■ Available data:
* * * * * * * * *
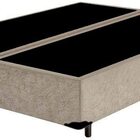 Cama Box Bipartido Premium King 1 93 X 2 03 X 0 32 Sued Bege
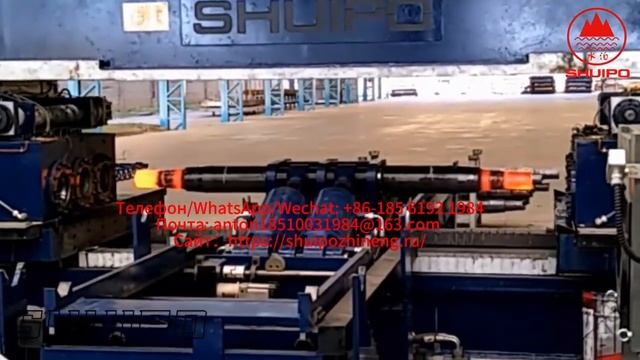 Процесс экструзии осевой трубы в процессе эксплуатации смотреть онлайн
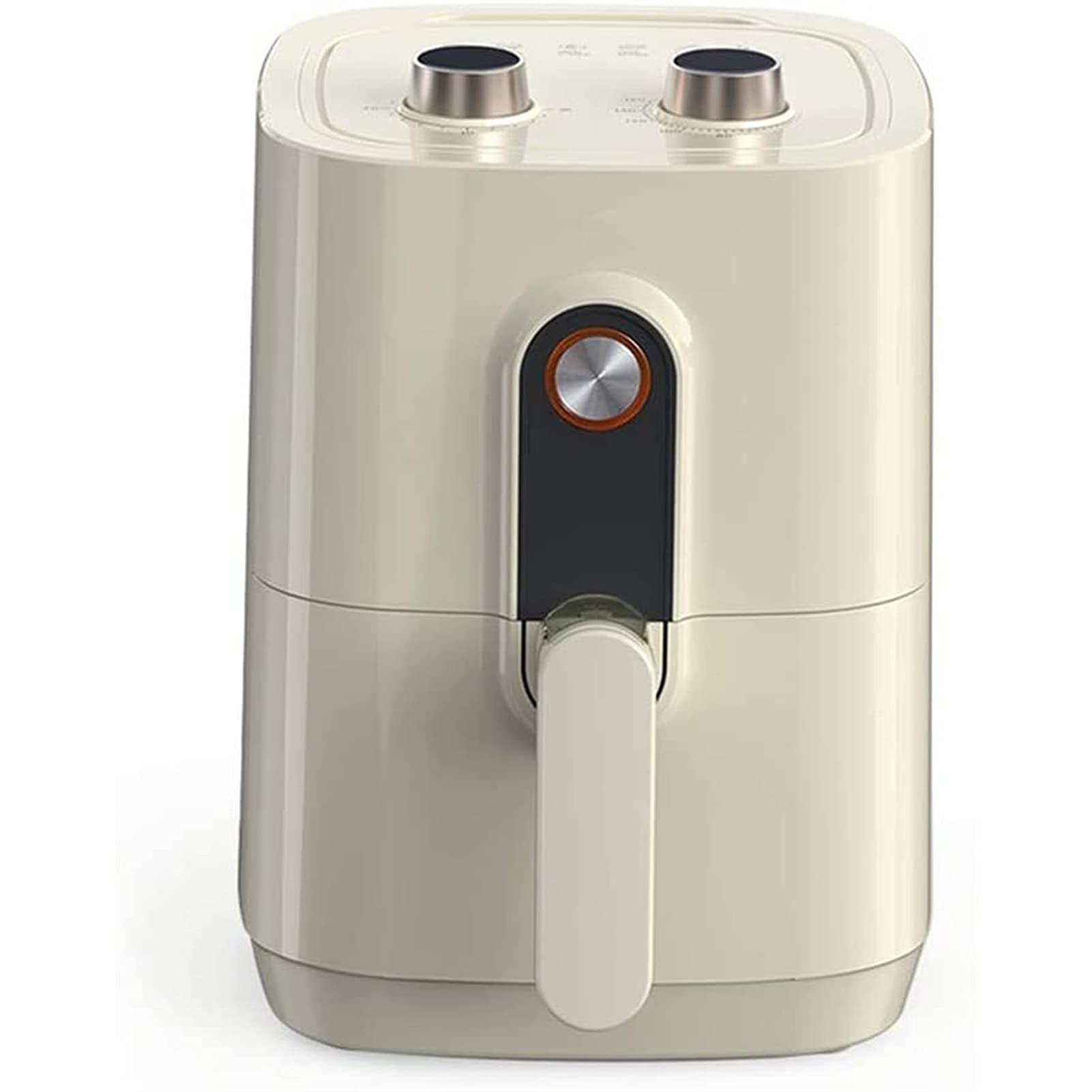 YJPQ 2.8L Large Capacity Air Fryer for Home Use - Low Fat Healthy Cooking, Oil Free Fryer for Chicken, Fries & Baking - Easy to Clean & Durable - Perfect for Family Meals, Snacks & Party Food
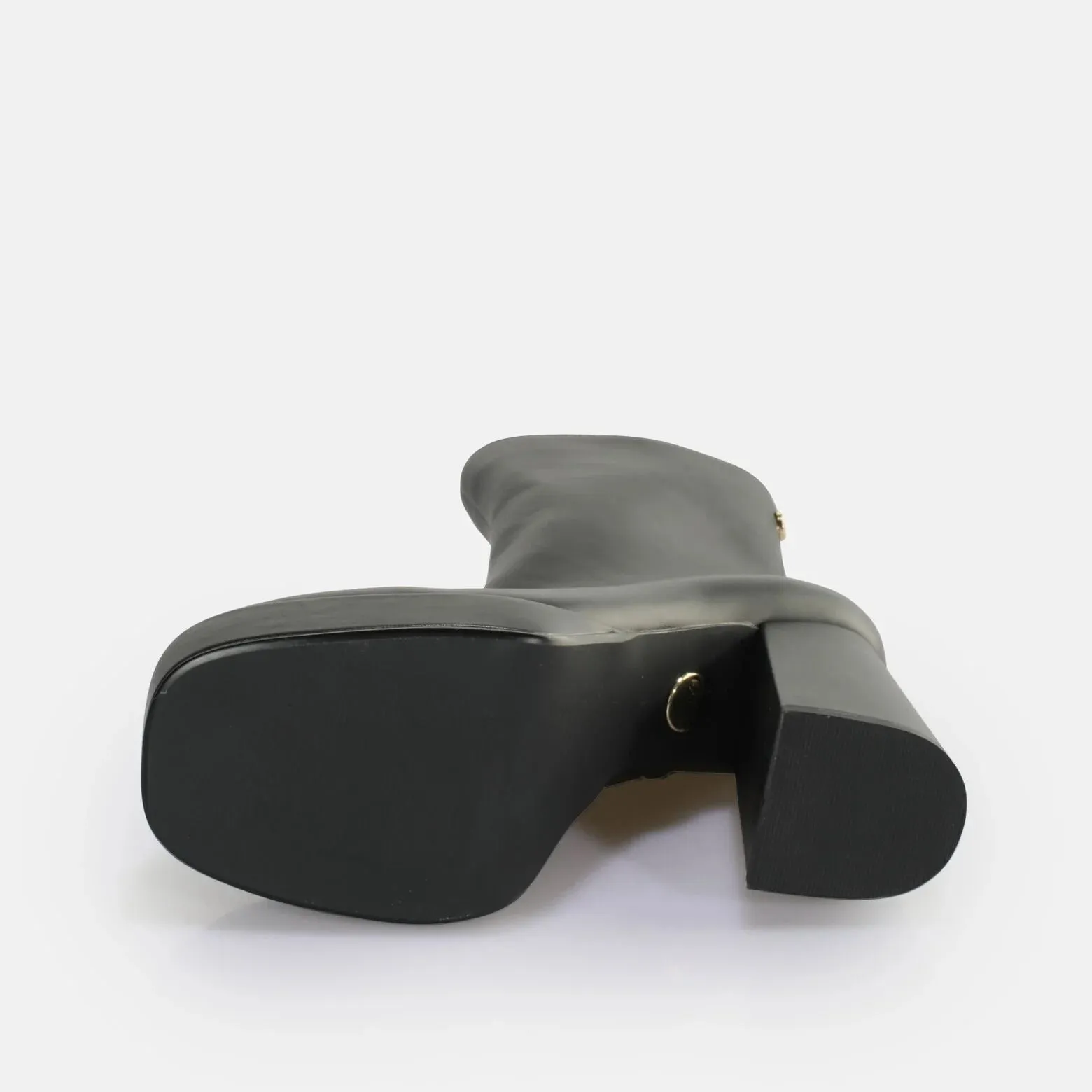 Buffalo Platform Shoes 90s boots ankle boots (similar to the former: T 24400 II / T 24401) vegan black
* * * * * * * * *
■ About this exercise: From the first line above to the line containing "Процесс экструзии осевой", repeat each line exactly. Pictures stay out.

■ Finished exercise:
 Cama Box Bipartido Premium King 1 93 X 2 03 X 0 32 Sued Bege
 Процесс экструзии осевой трубы в процессе эксплуатации смотреть онлайн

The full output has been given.